I have a few more samples from what I’ve been working on lately. Oh! And my children’s comic has a name now, too! “Jeannie Carnini! Clean Your Room!” Hee. I already know what I’m going to do with the cover, too, but that’ll have to wait until the interior is actually done as well. I’d say I’m about 3/5th’s there. Optimistically, I finish by the end of February. Realistically, by the end of March.

The character for the girl in this book, Jeannie Carnini, was a particularly tricky one. As you can see, these are some of my (many!) initial, horribly failed attempts (which actually starts on the right and works left):

Made of Fail

You’d think I’d have learned by now that if I don’t like a face, I shouldn’t try to just erase and rework it. I really should just throw away the entire pose.

Usually, the problem isn’t where I initially think it is. I would erase and redraw the face, thinking, “WTF is UP? Nothing looks right!” I must have erased that stupid face about fourty times when I finally went to bed, woke up the next morning, looked at it once and realized in a flash of dumb inspiration that I needed to redraw the entire pose, and really the whole character. That wasn’t Jeannie Carnini on my page. That was some other girl dressed in her clothes.

So I drew another character, but I still wasn’t satisfied. Something just wasn’t sitting right, but I couldn’t pinpoint it.

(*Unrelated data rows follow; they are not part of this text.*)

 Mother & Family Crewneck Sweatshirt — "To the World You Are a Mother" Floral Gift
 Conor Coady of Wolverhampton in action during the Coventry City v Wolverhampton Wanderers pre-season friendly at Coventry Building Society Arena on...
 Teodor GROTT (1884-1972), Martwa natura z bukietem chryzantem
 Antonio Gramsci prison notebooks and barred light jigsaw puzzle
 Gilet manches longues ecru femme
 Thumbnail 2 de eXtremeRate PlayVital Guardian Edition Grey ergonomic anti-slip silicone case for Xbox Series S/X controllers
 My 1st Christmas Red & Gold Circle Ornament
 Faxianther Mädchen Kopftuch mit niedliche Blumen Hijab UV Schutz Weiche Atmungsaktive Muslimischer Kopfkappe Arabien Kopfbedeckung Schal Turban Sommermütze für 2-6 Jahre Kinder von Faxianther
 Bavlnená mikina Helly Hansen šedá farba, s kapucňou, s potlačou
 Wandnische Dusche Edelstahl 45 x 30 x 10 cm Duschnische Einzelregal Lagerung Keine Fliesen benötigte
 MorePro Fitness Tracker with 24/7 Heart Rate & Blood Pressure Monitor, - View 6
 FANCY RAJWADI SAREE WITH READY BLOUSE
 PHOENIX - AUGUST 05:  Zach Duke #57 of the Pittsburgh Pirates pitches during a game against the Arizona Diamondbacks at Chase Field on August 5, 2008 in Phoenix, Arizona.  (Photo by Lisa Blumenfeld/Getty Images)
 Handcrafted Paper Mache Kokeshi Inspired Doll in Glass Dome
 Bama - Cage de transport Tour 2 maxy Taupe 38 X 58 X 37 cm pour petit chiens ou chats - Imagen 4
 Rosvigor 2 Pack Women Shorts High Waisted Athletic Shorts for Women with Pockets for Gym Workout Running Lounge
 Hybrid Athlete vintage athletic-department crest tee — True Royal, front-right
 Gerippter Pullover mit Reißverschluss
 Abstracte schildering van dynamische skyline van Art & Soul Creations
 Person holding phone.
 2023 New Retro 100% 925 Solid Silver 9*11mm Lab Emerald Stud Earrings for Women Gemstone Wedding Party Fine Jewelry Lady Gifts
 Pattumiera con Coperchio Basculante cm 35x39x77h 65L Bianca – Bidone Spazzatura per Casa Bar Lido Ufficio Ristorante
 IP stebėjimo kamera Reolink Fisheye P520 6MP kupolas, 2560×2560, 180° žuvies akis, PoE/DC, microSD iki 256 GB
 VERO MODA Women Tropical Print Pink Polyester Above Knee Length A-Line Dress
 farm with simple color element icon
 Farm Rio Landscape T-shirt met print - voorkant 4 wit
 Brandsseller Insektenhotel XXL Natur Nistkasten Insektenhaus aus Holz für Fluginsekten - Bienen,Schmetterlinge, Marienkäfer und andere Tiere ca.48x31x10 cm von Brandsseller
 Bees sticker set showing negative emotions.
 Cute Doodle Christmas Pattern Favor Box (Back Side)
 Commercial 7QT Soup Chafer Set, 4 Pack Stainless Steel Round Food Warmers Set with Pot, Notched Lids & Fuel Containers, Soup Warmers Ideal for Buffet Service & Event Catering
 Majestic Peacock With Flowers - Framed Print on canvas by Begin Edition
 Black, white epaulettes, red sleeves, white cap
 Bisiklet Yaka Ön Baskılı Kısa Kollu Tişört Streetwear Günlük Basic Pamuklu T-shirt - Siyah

Later that night,  I went over to my boyfriend’s because sometimes I need to work away from home, and we sat and discussed (he IS an artist), and I doodled, and thought about how Jeannie Carnini would REALLY stand, and finally I hit upon it:

WIP

First of all, the pose is better. She’s more awkward, less sure of herself, which is more her personality. I’m a pretty confident person about most things in life, and I tend to project that on to my main characters. But … kids are awkward creatures. Smart little snaps, but unsure in the way they walk and stand. I don’t know any kid that holds themselves with surety except for the bullies. And the brownnosers (which ah … I was one of those).  Or kids pretending to be mutant turtles on the playground. >_>; (I dug Raphael because he could swear and get away with it).

The other problem I kept running into with this character was that I kept whispering to myself, “simplify! simplify!” because it’s the style I’m running for, but it kept being either too much or too little (should have scanned in the overly simple ones. oops. too late now.) I would catch an expression on the first sketch, a few simple lines, and then I’d run in with a pointed lead and ruin it with detail. I needed to find that happy balance, and at last, by trying and trying and throwing away an awful lot of sketches but never giving up, and thinking about it and thinking about it some more, I finally got it. And slowly, as I get into the character, the easier she becomes to draw.  Not just in the face either, but in her body language as well.

It takes time to get to know your characters! I actually sit down and talk with them in my head. When I find myself struggling with their body language and expressions, I tell them, “Okay. What would YOU do in this situation? What kind of person are you? SHOW me.” And eventually they do.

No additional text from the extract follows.